= ASSIGNED TASK =
Write the data out again exactly, with no pictures.

= SUPPLIED MATERIAL =
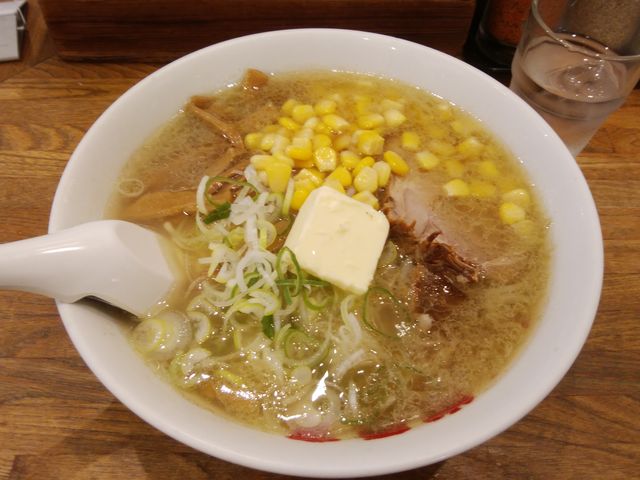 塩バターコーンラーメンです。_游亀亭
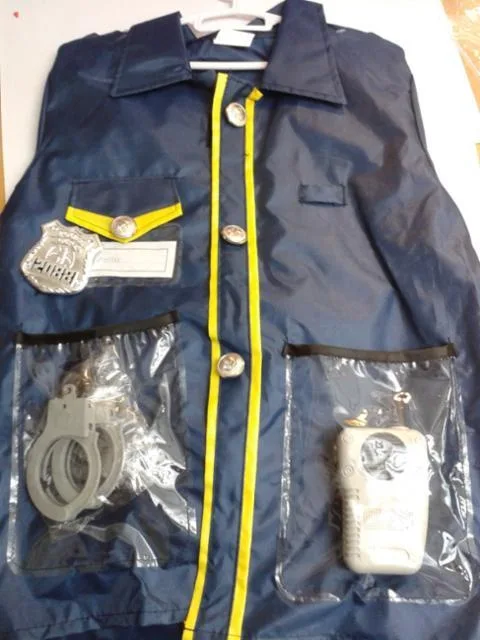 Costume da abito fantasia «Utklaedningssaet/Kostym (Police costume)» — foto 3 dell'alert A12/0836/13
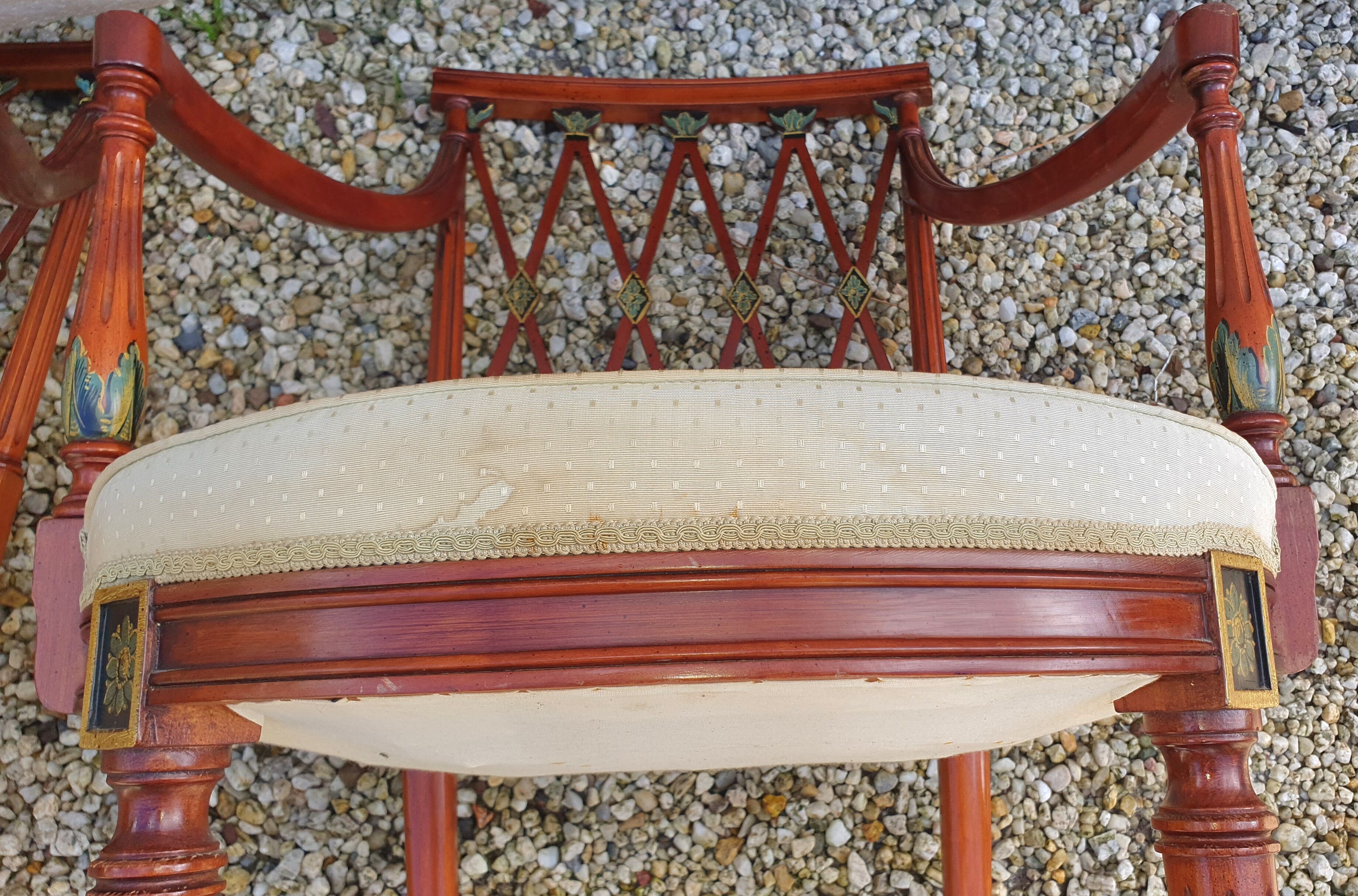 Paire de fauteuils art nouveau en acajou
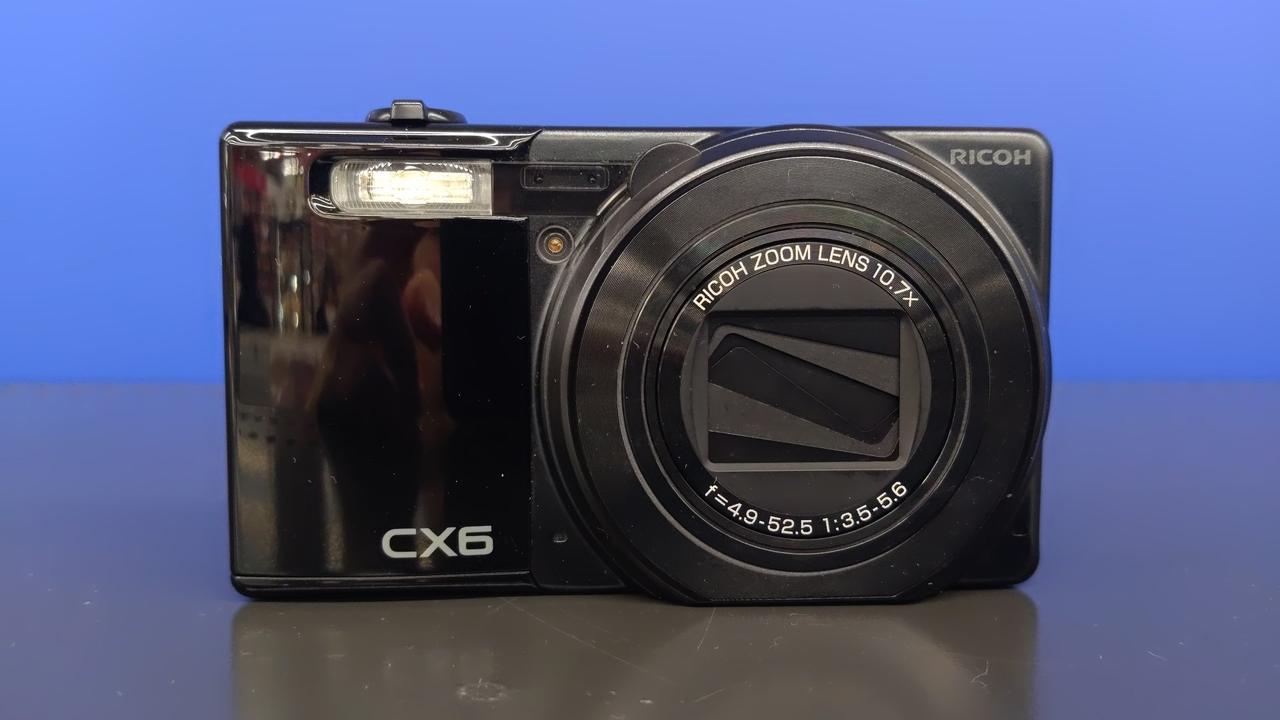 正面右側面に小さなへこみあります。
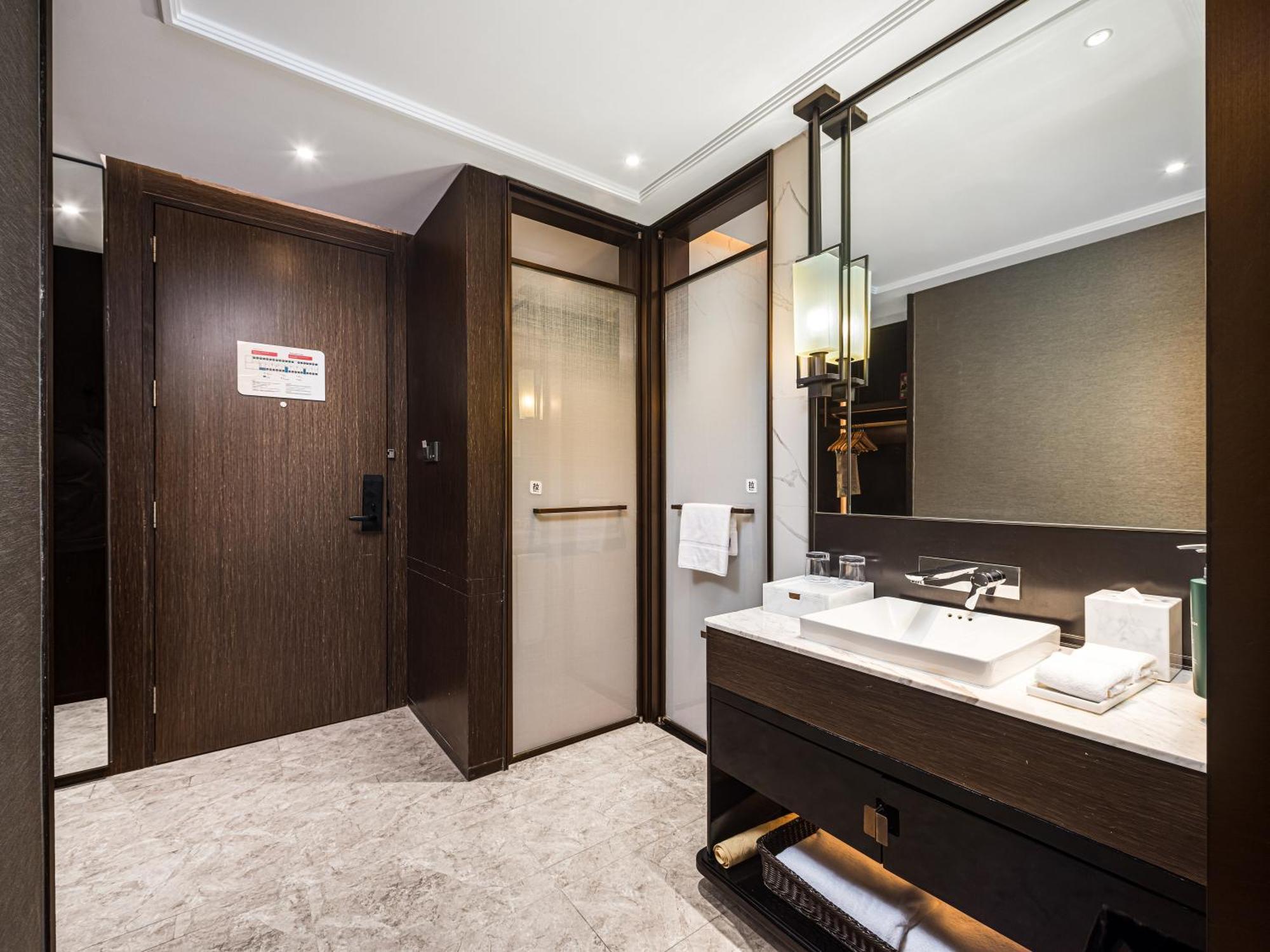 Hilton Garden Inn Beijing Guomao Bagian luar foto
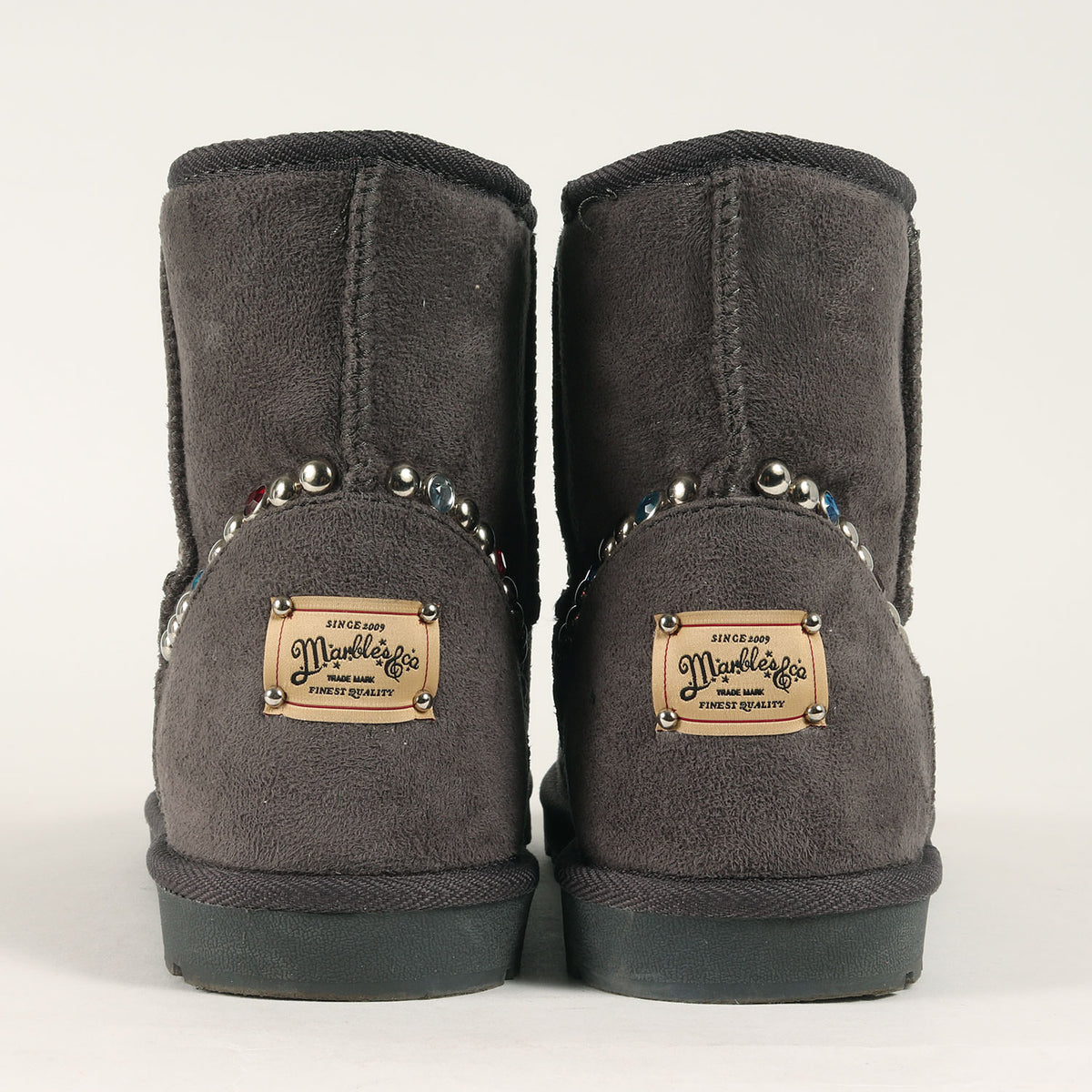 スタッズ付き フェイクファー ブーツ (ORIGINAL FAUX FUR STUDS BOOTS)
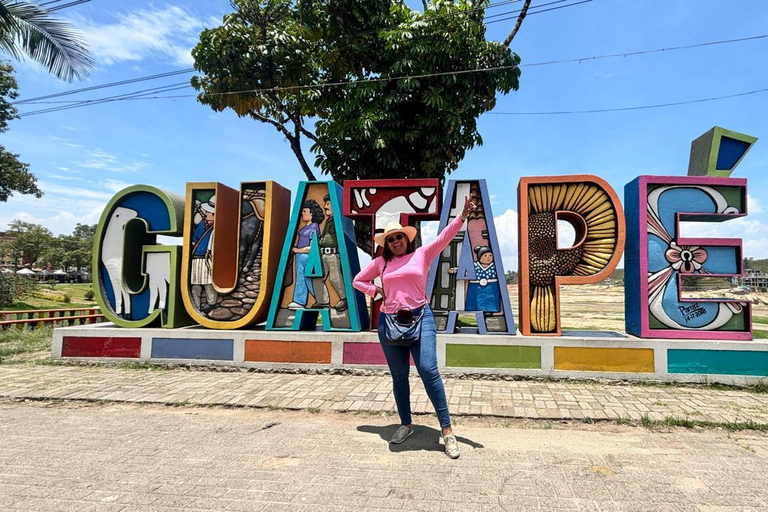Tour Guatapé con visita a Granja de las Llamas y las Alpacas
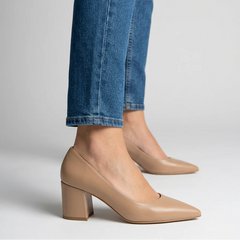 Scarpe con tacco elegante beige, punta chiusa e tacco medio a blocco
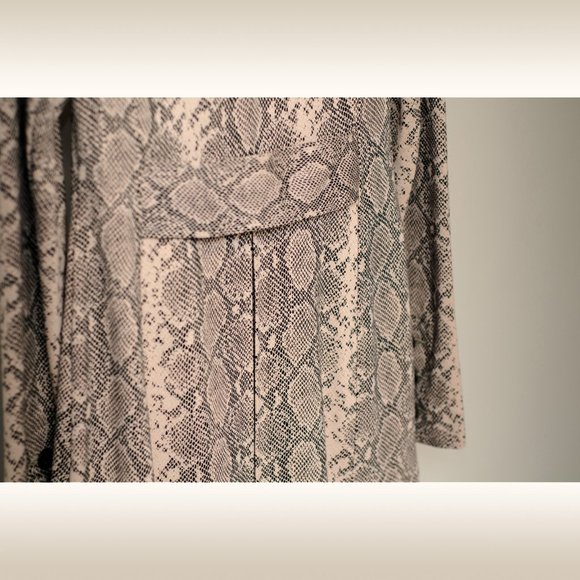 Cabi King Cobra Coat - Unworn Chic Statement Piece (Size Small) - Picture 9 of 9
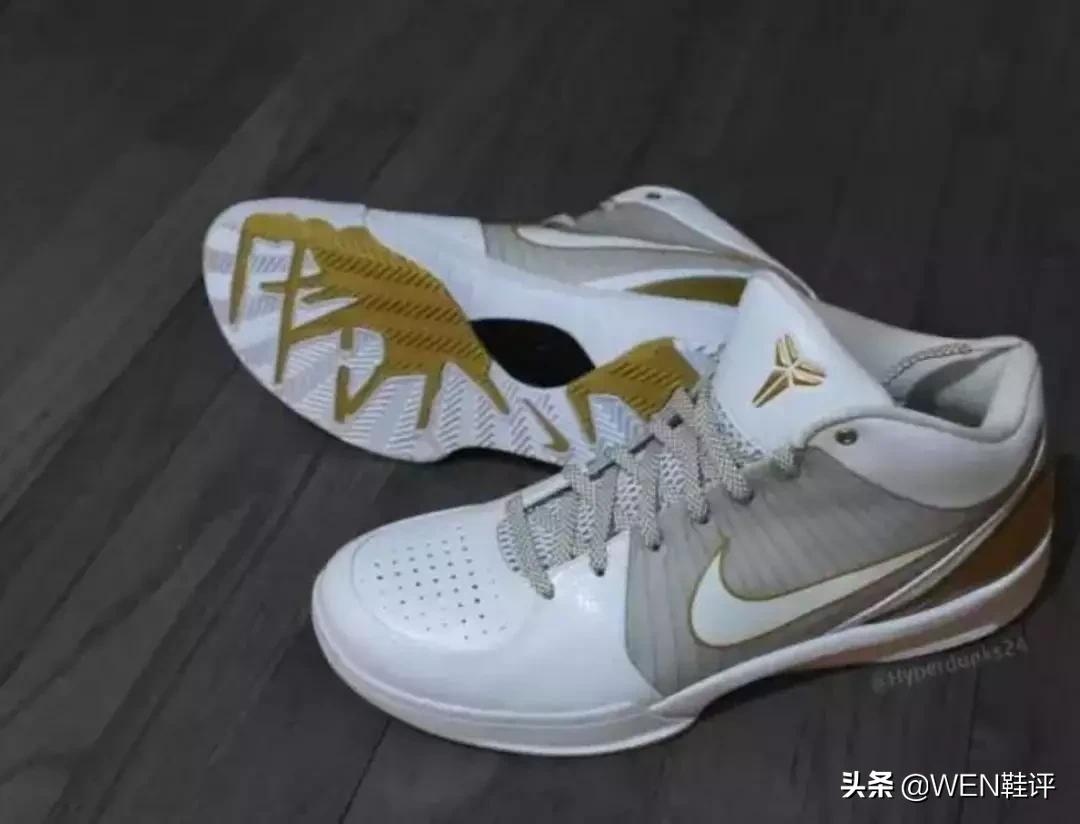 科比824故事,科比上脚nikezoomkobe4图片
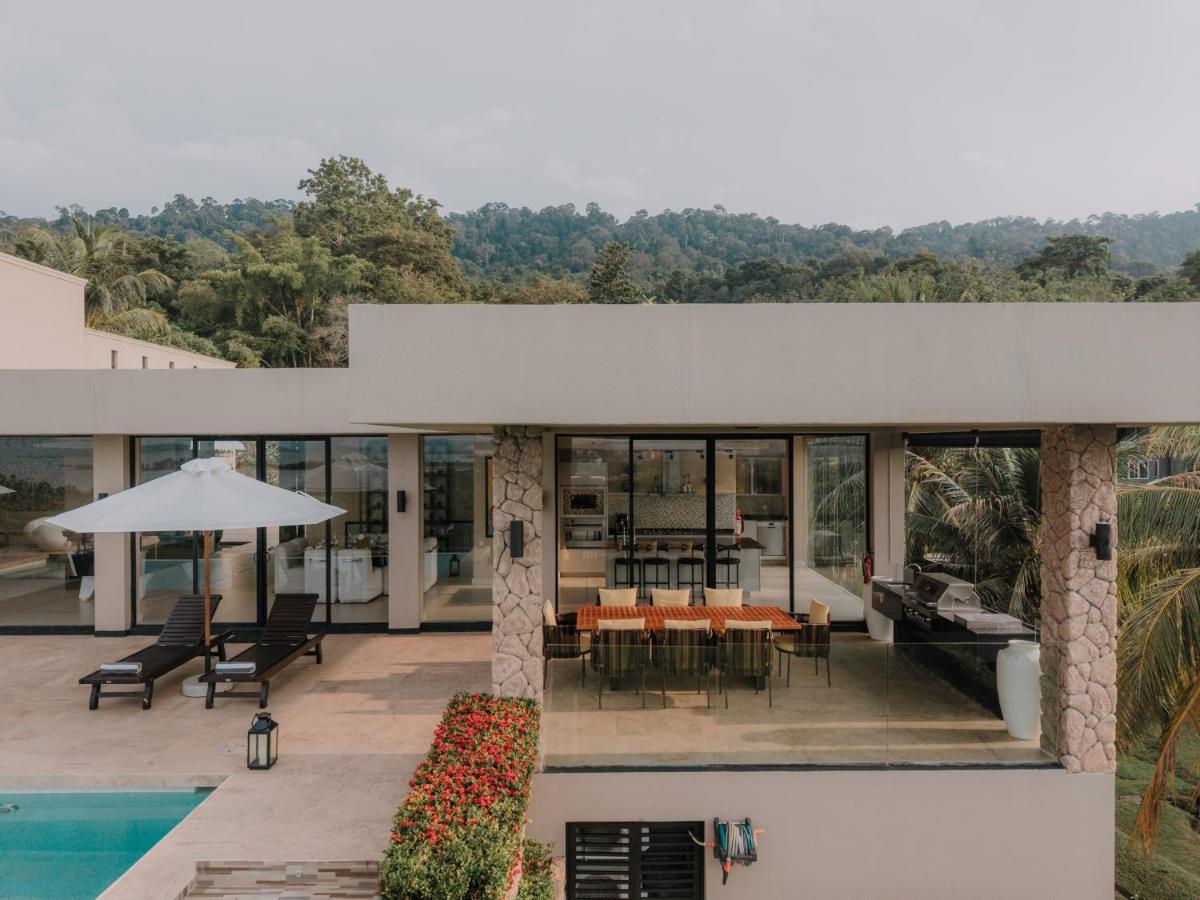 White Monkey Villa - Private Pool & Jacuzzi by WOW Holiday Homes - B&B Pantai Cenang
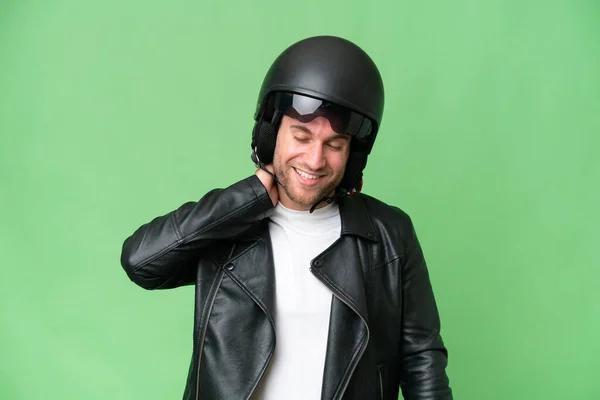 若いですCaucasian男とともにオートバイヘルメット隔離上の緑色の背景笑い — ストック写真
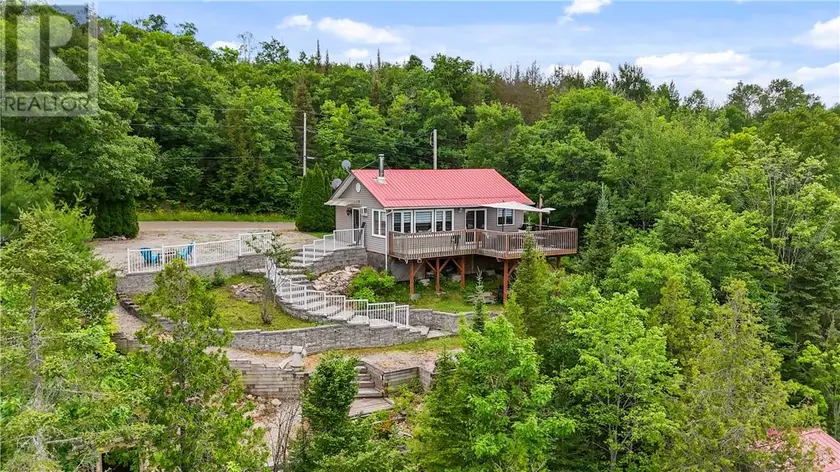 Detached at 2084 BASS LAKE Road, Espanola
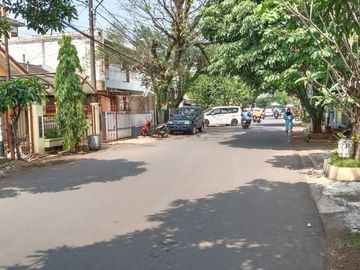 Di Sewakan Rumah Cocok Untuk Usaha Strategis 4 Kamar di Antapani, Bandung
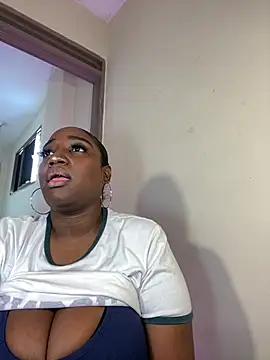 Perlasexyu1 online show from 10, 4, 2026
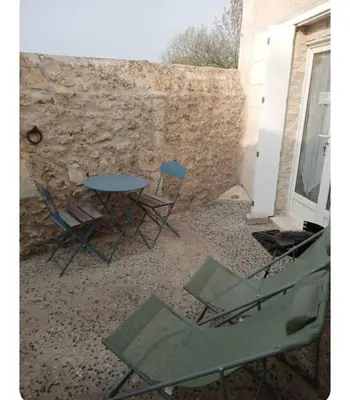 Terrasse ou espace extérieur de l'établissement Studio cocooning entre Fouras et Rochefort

= EXERCISE OUTPUT =
 塩バターコーンラーメンです。_游亀亭
 Costume da abito fantasia «Utklaedningssaet/Kostym (Police costume)» — foto 3 dell'alert A12/0836/13
 Paire de fauteuils art nouveau en acajou
 正面右側面に小さなへこみあります。
 Hilton Garden Inn Beijing Guomao Bagian luar foto
 スタッズ付き フェイクファー ブーツ (ORIGINAL FAUX FUR STUDS BOOTS)
Tour Guatapé con visita a Granja de las Llamas y las Alpacas
 Scarpe con tacco elegante beige, punta chiusa e tacco medio a blocco
 Cabi King Cobra Coat - Unworn Chic Statement Piece (Size Small) - Picture 9 of 9
 科比824故事,科比上脚nikezoomkobe4图片
 White Monkey Villa - Private Pool & Jacuzzi by WOW Holiday Homes - B&B Pantai Cenang
 若いですCaucasian男とともにオートバイヘルメット隔離上の緑色の背景笑い — ストック写真
 Detached at 2084 BASS LAKE Road, Espanola
 Di Sewakan Rumah Cocok Untuk Usaha Strategis 4 Kamar di Antapani, Bandung
 Perlasexyu1 online show from 10, 4, 2026
 Terrasse ou espace extérieur de l'établissement Studio cocooning entre Fouras et Rochefort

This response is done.